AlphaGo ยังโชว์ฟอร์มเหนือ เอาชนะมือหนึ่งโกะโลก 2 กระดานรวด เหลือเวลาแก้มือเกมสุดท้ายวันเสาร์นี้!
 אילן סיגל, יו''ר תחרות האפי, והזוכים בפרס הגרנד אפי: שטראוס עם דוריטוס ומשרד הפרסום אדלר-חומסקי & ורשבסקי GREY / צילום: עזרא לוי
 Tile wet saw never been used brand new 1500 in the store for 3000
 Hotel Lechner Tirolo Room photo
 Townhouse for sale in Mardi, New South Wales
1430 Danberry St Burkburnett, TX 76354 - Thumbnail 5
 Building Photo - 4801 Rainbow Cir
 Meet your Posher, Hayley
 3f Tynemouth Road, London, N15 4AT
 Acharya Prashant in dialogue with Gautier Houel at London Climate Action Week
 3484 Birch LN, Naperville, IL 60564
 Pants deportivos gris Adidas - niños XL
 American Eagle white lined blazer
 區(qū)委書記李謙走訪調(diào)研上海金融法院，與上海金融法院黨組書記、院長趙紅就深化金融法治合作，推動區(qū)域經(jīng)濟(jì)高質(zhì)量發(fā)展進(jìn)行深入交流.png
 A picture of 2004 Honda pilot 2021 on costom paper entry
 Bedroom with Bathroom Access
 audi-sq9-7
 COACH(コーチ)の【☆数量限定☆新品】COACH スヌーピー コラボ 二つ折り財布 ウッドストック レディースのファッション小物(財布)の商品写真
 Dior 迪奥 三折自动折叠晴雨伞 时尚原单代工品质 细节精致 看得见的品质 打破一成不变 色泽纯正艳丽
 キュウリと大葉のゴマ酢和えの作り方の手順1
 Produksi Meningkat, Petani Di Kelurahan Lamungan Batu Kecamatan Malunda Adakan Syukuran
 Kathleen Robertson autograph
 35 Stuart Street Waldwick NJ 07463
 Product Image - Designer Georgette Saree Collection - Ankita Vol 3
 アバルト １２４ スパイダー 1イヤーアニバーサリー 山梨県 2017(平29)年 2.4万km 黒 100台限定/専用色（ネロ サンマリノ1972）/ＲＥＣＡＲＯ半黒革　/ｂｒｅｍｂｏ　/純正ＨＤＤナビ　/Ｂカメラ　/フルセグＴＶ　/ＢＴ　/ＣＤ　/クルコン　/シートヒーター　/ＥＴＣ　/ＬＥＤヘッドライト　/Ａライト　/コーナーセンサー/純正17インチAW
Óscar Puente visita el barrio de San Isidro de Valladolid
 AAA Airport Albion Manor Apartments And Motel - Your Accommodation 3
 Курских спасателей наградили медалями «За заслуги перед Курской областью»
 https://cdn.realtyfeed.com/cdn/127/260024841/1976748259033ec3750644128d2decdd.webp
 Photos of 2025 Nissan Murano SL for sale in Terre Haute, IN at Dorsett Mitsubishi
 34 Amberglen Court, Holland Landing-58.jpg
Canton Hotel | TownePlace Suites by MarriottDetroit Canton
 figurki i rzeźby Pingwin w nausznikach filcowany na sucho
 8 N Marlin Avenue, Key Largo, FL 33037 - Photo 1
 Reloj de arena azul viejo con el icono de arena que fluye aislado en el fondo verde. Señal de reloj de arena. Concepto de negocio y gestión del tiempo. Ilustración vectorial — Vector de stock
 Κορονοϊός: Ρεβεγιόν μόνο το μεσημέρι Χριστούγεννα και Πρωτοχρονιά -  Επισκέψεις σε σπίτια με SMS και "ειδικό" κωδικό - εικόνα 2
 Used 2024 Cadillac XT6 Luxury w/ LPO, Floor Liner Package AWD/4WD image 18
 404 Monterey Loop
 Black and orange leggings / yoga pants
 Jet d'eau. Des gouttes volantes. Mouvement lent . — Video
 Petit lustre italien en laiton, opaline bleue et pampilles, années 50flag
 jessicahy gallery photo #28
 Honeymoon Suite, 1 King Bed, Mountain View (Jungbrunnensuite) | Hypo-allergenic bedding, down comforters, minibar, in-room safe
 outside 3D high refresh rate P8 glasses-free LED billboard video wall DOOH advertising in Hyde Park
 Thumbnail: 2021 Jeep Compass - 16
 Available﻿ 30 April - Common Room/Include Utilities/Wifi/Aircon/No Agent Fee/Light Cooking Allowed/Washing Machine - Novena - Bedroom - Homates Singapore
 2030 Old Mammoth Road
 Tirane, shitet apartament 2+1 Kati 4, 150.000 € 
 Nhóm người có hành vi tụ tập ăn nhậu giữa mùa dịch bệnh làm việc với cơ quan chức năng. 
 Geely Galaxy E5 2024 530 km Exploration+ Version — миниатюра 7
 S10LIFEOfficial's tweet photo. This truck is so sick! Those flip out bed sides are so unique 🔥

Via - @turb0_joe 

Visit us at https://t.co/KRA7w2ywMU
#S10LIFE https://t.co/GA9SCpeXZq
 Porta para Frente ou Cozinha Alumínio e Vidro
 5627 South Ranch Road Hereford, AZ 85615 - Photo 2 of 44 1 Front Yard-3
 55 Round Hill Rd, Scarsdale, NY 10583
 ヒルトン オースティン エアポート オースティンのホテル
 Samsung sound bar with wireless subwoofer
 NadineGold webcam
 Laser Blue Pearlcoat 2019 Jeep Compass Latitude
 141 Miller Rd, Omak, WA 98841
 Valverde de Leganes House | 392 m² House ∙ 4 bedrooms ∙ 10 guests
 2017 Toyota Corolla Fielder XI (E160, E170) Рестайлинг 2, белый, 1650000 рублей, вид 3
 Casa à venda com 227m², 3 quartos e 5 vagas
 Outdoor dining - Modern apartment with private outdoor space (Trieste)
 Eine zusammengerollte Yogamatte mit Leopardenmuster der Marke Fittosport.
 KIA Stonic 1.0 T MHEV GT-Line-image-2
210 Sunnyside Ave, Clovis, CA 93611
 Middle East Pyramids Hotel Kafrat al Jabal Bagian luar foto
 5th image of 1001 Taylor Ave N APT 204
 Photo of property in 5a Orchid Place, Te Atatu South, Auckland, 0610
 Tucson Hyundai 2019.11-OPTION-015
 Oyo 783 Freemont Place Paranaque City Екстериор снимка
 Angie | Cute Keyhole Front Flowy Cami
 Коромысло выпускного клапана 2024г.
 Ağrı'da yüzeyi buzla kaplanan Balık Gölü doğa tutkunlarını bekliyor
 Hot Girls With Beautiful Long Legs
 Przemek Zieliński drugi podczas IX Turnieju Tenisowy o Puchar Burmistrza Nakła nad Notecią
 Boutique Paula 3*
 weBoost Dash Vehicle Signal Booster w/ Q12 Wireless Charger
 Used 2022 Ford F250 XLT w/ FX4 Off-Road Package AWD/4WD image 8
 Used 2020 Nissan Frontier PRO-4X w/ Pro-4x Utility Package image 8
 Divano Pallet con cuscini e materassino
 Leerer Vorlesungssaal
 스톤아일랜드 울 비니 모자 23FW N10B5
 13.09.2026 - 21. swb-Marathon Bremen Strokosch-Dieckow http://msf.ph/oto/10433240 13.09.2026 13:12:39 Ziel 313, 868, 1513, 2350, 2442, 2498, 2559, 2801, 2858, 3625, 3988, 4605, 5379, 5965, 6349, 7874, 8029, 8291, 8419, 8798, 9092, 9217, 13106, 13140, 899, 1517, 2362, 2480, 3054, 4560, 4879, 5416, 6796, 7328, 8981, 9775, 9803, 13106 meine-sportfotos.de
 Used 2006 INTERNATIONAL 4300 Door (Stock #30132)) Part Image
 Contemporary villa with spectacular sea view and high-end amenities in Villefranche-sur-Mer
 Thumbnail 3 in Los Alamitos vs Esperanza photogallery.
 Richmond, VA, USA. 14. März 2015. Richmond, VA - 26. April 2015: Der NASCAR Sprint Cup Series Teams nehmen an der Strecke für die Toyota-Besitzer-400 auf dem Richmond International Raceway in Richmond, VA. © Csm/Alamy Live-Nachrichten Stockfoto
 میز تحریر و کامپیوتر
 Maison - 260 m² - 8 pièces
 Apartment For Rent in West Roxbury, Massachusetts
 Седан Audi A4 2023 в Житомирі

• _ACTIVITY_: In the listing above, find the line with "55 Round Hill Rd, Scarsdale, NY 10583" and the line with "Thumbnail 3 in", then print exactly those two lines and every line between them, and nothing more.

• _RESPONSE TO THIS EXERCISE_:
 55 Round Hill Rd, Scarsdale, NY 10583
 ヒルトン オースティン エアポート オースティンのホテル
 Samsung sound bar with wireless subwoofer
 NadineGold webcam
 Laser Blue Pearlcoat 2019 Jeep Compass Latitude
 141 Miller Rd, Omak, WA 98841
 Valverde de Leganes House | 392 m² House ∙ 4 bedrooms ∙ 10 guests
 2017 Toyota Corolla Fielder XI (E160, E170) Рестайлинг 2, белый, 1650000 рублей, вид 3
 Casa à venda com 227m², 3 quartos e 5 vagas
 Outdoor dining - Modern apartment with private outdoor space (Trieste)
 Eine zusammengerollte Yogamatte mit Leopardenmuster der Marke Fittosport.
 KIA Stonic 1.0 T MHEV GT-Line-image-2
210 Sunnyside Ave, Clovis, CA 93611
 Middle East Pyramids Hotel Kafrat al Jabal Bagian luar foto
 5th image of 1001 Taylor Ave N APT 204
 Photo of property in 5a Orchid Place, Te Atatu South, Auckland, 0610
 Tucson Hyundai 2019.11-OPTION-015
 Oyo 783 Freemont Place Paranaque City Екстериор снимка
 Angie | Cute Keyhole Front Flowy Cami
 Коромысло выпускного клапана 2024г.
 Ağrı'da yüzeyi buzla kaplanan Balık Gölü doğa tutkunlarını bekliyor
 Hot Girls With Beautiful Long Legs
 Przemek Zieliński drugi podczas IX Turnieju Tenisowy o Puchar Burmistrza Nakła nad Notecią
 Boutique Paula 3*
 weBoost Dash Vehicle Signal Booster w/ Q12 Wireless Charger
 Used 2022 Ford F250 XLT w/ FX4 Off-Road Package AWD/4WD image 8
 Used 2020 Nissan Frontier PRO-4X w/ Pro-4x Utility Package image 8
 Divano Pallet con cuscini e materassino
 Leerer Vorlesungssaal
 스톤아일랜드 울 비니 모자 23FW N10B5
 13.09.2026 - 21. swb-Marathon Bremen Strokosch-Dieckow http://msf.ph/oto/10433240 13.09.2026 13:12:39 Ziel 313, 868, 1513, 2350, 2442, 2498, 2559, 2801, 2858, 3625, 3988, 4605, 5379, 5965, 6349, 7874, 8029, 8291, 8419, 8798, 9092, 9217, 13106, 13140, 899, 1517, 2362, 2480, 3054, 4560, 4879, 5416, 6796, 7328, 8981, 9775, 9803, 13106 meine-sportfotos.de
 Used 2006 INTERNATIONAL 4300 Door (Stock #30132)) Part Image
 Contemporary villa with spectacular sea view and high-end amenities in Villefranche-sur-Mer
 Thumbnail 3 in Los Alamitos vs Esperanza photogallery.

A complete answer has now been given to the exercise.